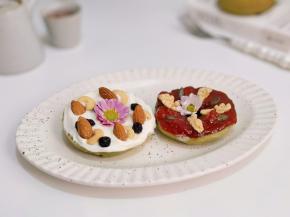 中间装饰花朵。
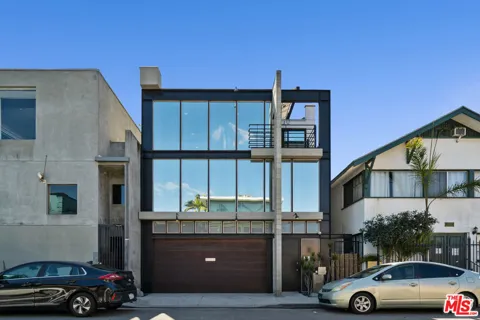 1313 Innes Place
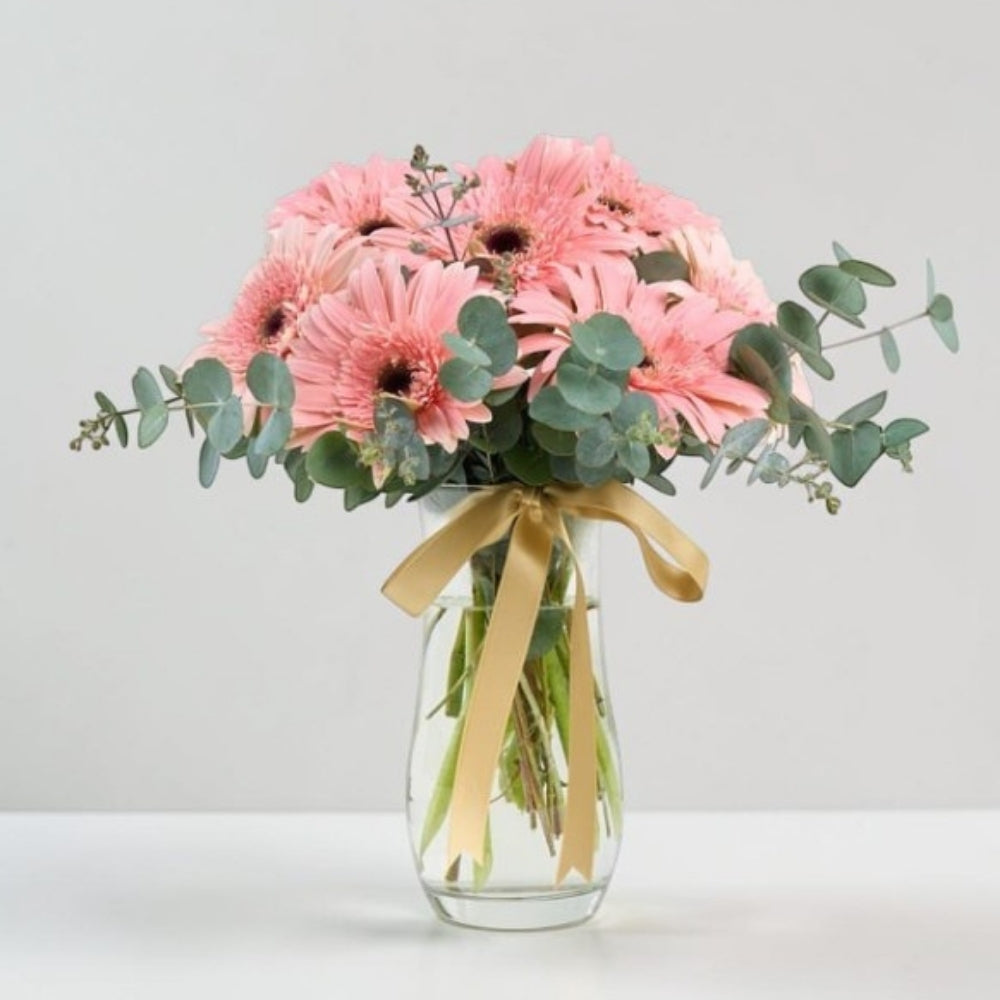 Pink Crystal Glow – Kristal Cam Vazoda Pembe Gerberalar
---+---
* WHAT IS EXPECTED:
Repeat each line of the material exactly, please, and skip every picture.

* TASK OUTPUT:
 中间装饰花朵。
 1313 Innes Place
 Pink Crystal Glow – Kristal Cam Vazoda Pembe Gerberalar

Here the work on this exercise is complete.